- [Task directions]:
The answer should be an exact repeat of the stretch of material below from the line containing "中古】APEX PRO(2024) アイアン" through the line containing "Бак топливный TOYOTA PORTE NCP141 1NZFE S7111-77111 1 ракурс Бак".

──────── Exercise data ────────

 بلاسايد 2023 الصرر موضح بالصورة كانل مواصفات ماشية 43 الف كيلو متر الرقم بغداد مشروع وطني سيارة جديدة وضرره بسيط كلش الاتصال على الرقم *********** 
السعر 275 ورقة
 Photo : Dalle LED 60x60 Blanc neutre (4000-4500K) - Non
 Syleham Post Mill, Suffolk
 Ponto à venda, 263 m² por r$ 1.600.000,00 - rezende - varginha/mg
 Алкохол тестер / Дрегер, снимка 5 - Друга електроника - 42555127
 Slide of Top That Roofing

────────
──────── Exercise data ────────

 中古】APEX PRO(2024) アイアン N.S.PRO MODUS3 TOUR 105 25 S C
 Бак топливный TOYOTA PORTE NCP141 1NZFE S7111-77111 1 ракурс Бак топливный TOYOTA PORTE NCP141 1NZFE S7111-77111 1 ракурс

────────

- [Solution for this problem]:
 中古】APEX PRO(2024) アイアン N.S.PRO MODUS3 TOUR 105 25 S C
 Бак топливный TOYOTA PORTE NCP141 1NZFE S7111-77111 1 ракурс Бак топливный TOYOTA PORTE NCP141 1NZFE S7111-77111 1 ракурс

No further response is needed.